In this example, we’ve combined everything we want to search our reviews on into the Combined property. We haven’t discarded any of the original values, as we’ll obviously want to reference those to make our search results more meaningful. We wouldn’t want our semantic search to look for ProductId, but we’d want it for any follow-on actions we’d take in practice.

The next thing we’ll need is, of course, the embeddings. There is no “batch” embeddings endpoint on the OpenAI API at present, so what we’ll do is loop through every review, grab the embeddings using the OpenAI SDK, and store them in our collection of reviews. This loop will take 3-4 minutes, require an API key, and cost you about $0.01 USD. Here’s the code, I’ll elaborate on a few details next:

I’m using the “small” and currently most recent embeddings model here because it’s the cheaper of the two and will likely not change the results of this exercise. There is a larger model available at a slightly more expensive price point. The most obvious difference between the two models is the number of dimensions in the vectors they’re capable of retrieving (1536 and 3072 respectively).
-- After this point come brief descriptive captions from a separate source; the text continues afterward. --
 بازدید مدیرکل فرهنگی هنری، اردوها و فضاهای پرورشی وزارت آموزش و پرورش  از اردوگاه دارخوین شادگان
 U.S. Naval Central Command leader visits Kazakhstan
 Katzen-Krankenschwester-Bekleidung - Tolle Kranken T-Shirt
I’m instructing the embeddings endpoint to limit the dimensions to 512, which OpenAI claims can be done without a noticeable dip in quality. Shrinking down the vectors will save us compute time and resources later when we want to store and search these things. As with other OpenAI products, their general guidance is to start as cheap as possible and scale up only when that solution isn’t working. If you’re wondering why I’m casting the results to floats (this SDK returns doubles), this is for use in a distance function that we’ll use shortly.
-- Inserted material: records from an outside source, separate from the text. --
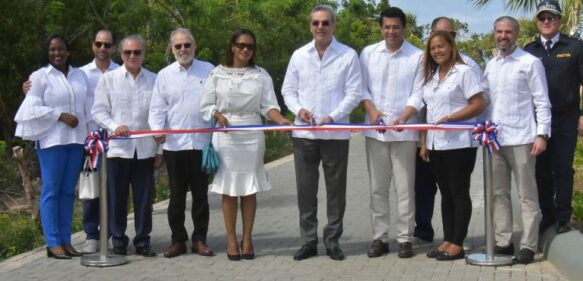 Presidente Luis Abinader y el ministro David Collado dejan inaugurada varias obras en Miches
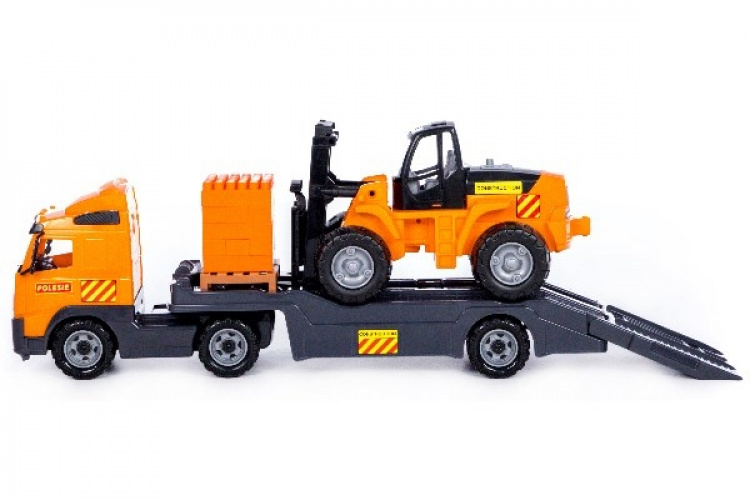 POLESIE Lastbil trailer m.gaffeltruck 750x230x345mm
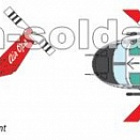 Сборная модель из пластика ИТ Вертолет BELL 412 Los Angeles City (подарочный, краски+клей+кисть) (1:72) Italeri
One thing I’m not doing in this sample, but does appear in OpenAI’s tutorials and samples, is tokenizing my text prior to creating the embeddings. OpenAI uses their tiktoken Python package to count and filter out reviews which contain too many tokens for the API to handle. I couldn’t find an amazing solution for this in C# and it didn’t seem all that important for this proof of concept, so I skipped that step. I don’t think there are any reviews in this dataset that exceed the token limit for the API, but you might need to consider this as a reality in practice.

Search Your Text

Hang in there, we’re almost at the payoff. To search the embeddings we created and now have at the ready, first convert the query text into embeddings using the same method as above, then calculate its similarity between those embeddings and your “database” of embeddings using the cosine similarity function (from the “System.Numerics.Tensors” package). That similarity will be a value between 0 and 1 (perhaps between -1 and 1, but I haven’t observed any negatives yet). Order the results descending on similarity and you’ll get the best results at the top.
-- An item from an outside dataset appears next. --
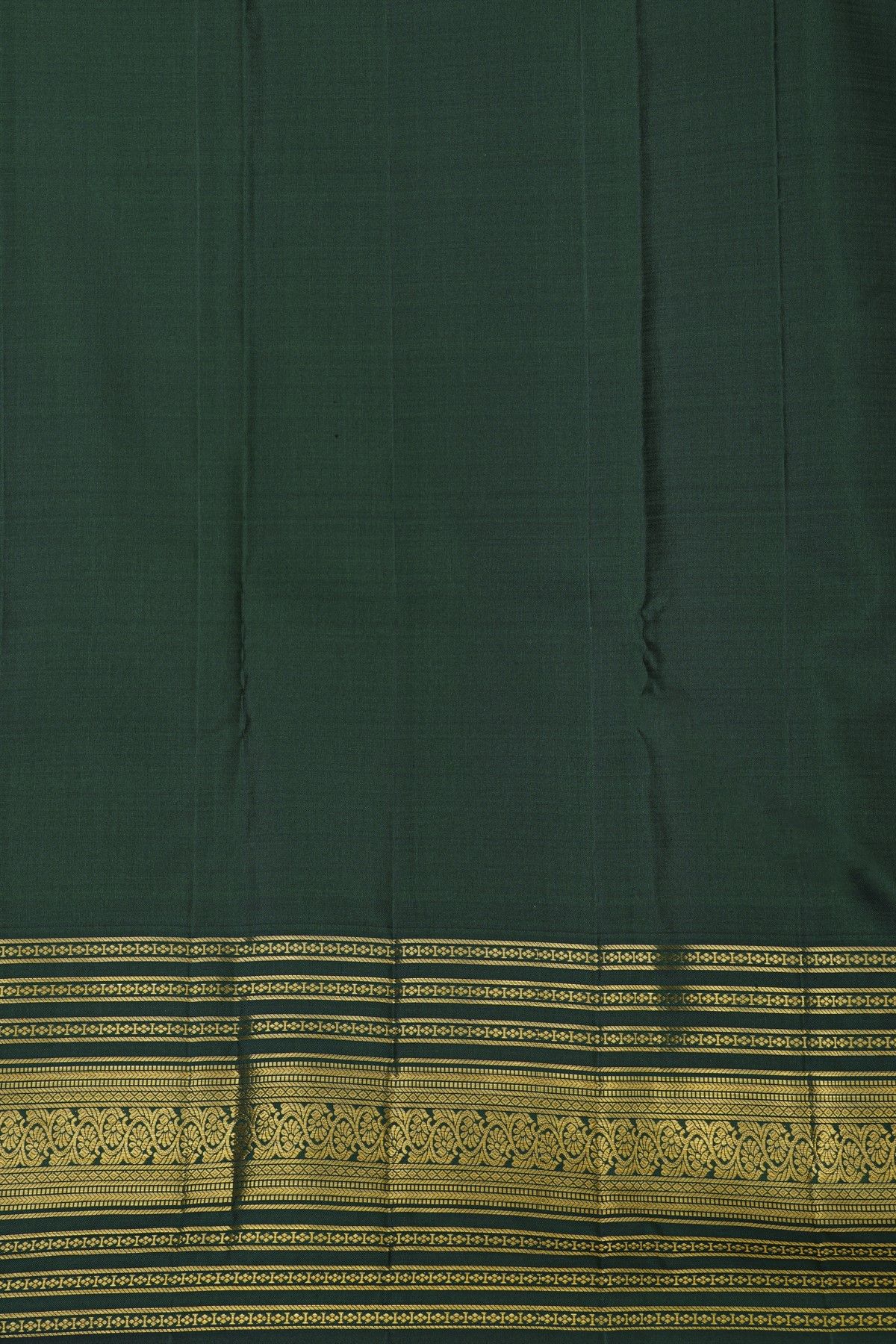 Kancheepuram Silk Grey Saree With Floral And Peacock Buttis Body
In my sample, I’ve created a new class to hold a reference to the review as well as the similarity value or relatedness. I’ve created a Search method which returns the top five results by default:

If you’ve got the Notebook up and running and you’re still with me, pop in a query and give it a whirl. If you search for “really negative reviews”, you should get results similar to:

Relatedness	Summary
0.4616008400917053	OMG DO NOT BUY!!!
0.4523474872112274	ABSOLUTELY VILE!!!
0.4389459192752838	Reeks like chemicals

Wow

The first time I read through the documentation on embeddings, I thought I understood it in the abstract well enough. I then tried to explain it to another person or two and realized I wasn’t quite there yet. It took some Python, a bit of GPT, and a sprinkle of Google, but I got there. Now it all seems elementary. That said, it still amazes me how little code on my part can be used to make something this cool.

I’m very thankful to the army of others out there doing the difficult stuff.